7.11. NPUs¶
The H7 and the RT1062 run inference on a Cortex-M CPU through
TFLM and CMSIS-NN. The AE3 and the
N6 add a dedicated NPU on the same die – a tensor pipeline in
fixed silicon that runs the heavy operators without occupying the
CPU. The two NPUs in OpenMV’s lineup come from different vendors
and their toolchains are different, but the cam exposes both
through the same ml.Model API. What differs is the file
on disk and the runtime that walks it.
7.11.1. AE3 – Arm Ethos-U55¶
The AE3 carries an Arm Ethos-U55 NPU on the same die as the
Cortex-M55 application core. Vela is the offline compiler that
prepares a model for it: Vela takes a standard .tflite in and
emits a .tflite out whose NPU-eligible subgraphs have been
folded into a custom Ethos-U operator carrying the byte commands
the NPU runs. At inference time, TFLM walks the file
normally; the Ethos-U operator dispatches its byte commands
through the Ethos-U driver, and any operator Vela did not fold
falls back to CMSIS-NN on the M55.
7.11.2. N6 – ST Neural-ART¶
The N6 carries ST’s Neural-ART NPU and runs STAI – ST’s runtime for it – in place of TFLM. STEdgeAI is the offline compiler: it takes a model in and emits a relocatable network blob laid out for the Neural-ART hardware. STAI loads the blob from ROMFS and walks it directly on the NPU. Operator coverage is whatever STEdgeAI supports for the part.

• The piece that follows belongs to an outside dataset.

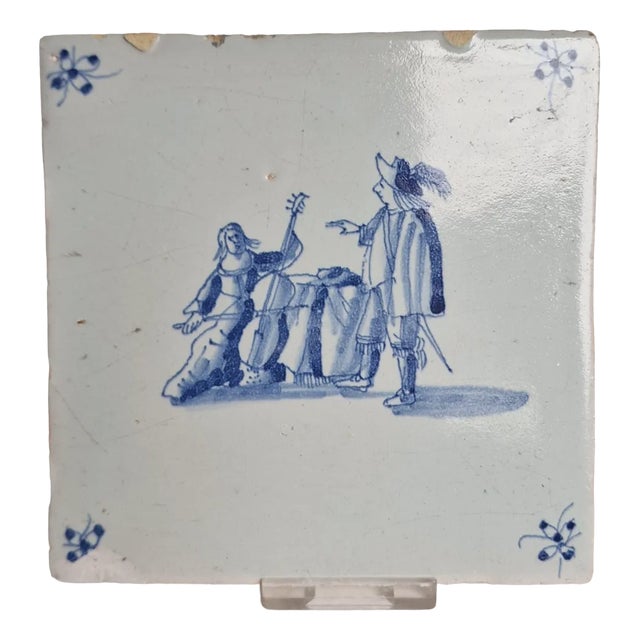 Dutch Delft Tile with Bass Player by Pytter Grauda, Harlingen, Friesland, 1630 For Sale
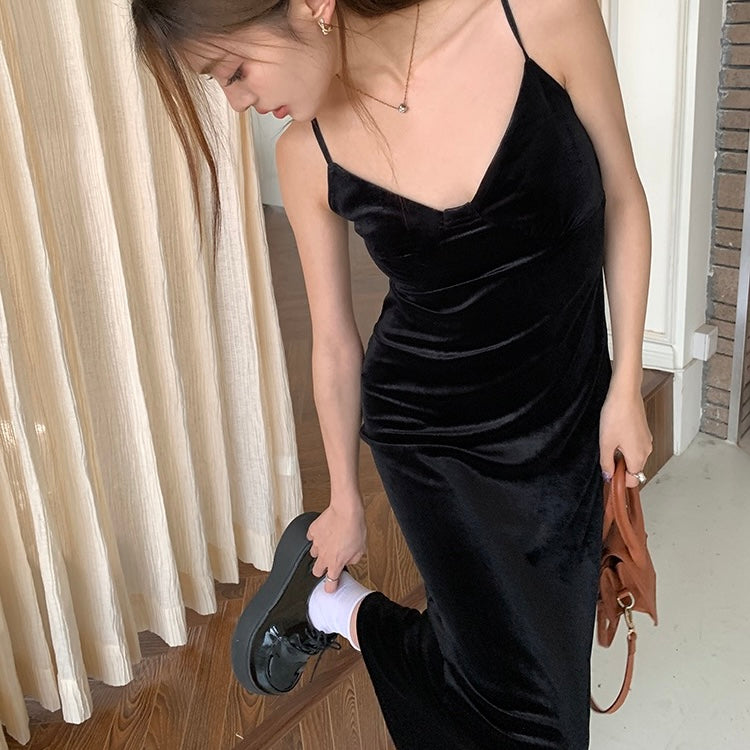 Black Velvet Slip Maxi Dress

7.11.3. Same script, different cam¶
Both NPUs expose the same input and output tensors with the same quantization parameters as a CPU-run model would. A script written against one cam runs on another by loading a model file prepared for that cam’s NPU. Detection thresholds, ROI handling, and post-processor wiring – the script-level decisions – do not change.